- Interactive map of Homewood, South Carolina
- Country: United States
- State: South Carolina
- County: Horry

Area
- • Total: 2.07 sq mi (5.36 km^{2})
- • Land: 2.03 sq mi (5.26 km^{2})
- • Water: 0.039 sq mi (0.10 km^{2})
- Elevation: 26 ft (7.9 m)

Population (2020)
- • Total: 1,693
- • Density: 833.8/sq mi (321.95/km^{2})
- Time zone: UTC-5 (Eastern (EST))
- • Summer (DST): UTC-4 (EDT)
- ZIP Code: 29526 (Conway)
- Area code: 843
- FIPS code: 45-34765
- GNIS feature ID: 2812963

= Homewood, South Carolina =

Homewood is an unincorporated community and census-designated place (CDP) in Horry County, South Carolina, United States, just north of Conway in the northeastern part of the state. It was first listed as a CDP in the 2020 census with a population of 1,693.
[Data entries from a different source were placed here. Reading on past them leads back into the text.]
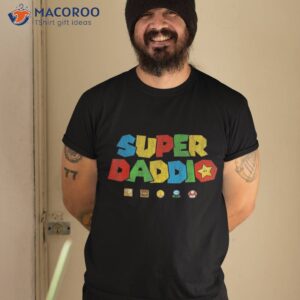 s gamer daddio super dad father s day funny gift from kids shirt tshirt 2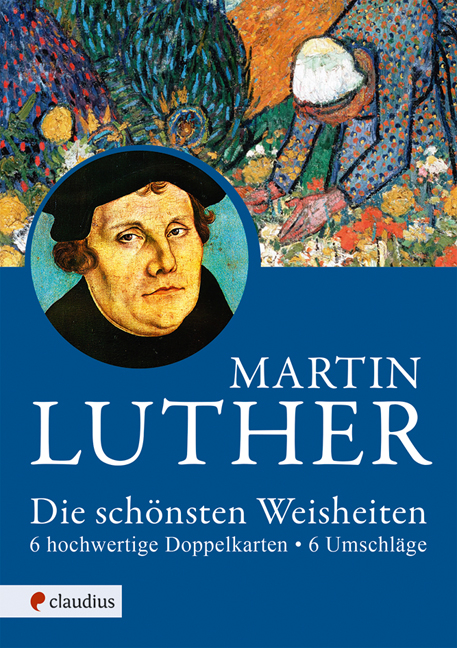 Martin Luther - Die sch&ouml;nsten Weisheiten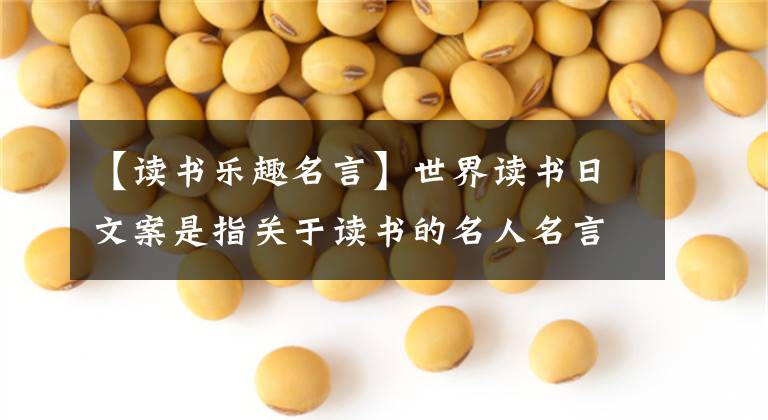 【读书乐趣名言】世界读书日文案是指关于读书的名人名言警句古诗好话文章配图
Homewood is located at the junction of South Carolina Highway 319 and U.S. Highway 701. There is an elementary school in the community. Many of the inhabitants make a living from family farms, growing tobacco, corn, soybeans, and tomatoes.

==Demographics==

Homewood first appeared as a census designated place in the 2020 U.S. census.

Historical population
| Census | Pop. | Note | %± |
| 2020 | 1,693 |  | — |
U.S. Decennial Census 2020

===2020 census===

Homewood CDP, South Carolina – Demographic Profile (NH = Non-Hispanic)
| Race / Ethnicity | Pop 2020 | % 2020 |
|---|---|---|
| White alone (NH) | 940 | 55.52% |
| Black or African American alone (NH) | 383 | 22.62% |
| Native American or Alaska Native alone (NH) | 14 | 0.83% |
| Asian alone (NH) | 17 | 1.00% |
| Pacific Islander alone (NH) | 0 | 0.00% |
| Some Other Race alone (NH) | 7 | 0.41% |
| Mixed Race/Multi-Racial (NH) | 75 | 4.43% |
| Hispanic or Latino (any race) | 257 | 15.18% |
| Total | 1,693 | 100.00% |

Note: the US Census treats Hispanic/Latino as an ethnic category. This table excludes Latinos from the racial categories and assigns them to a separate category. Hispanics/Latinos can be of any race.

==Education==
Horry County School District is the sole school district in the county.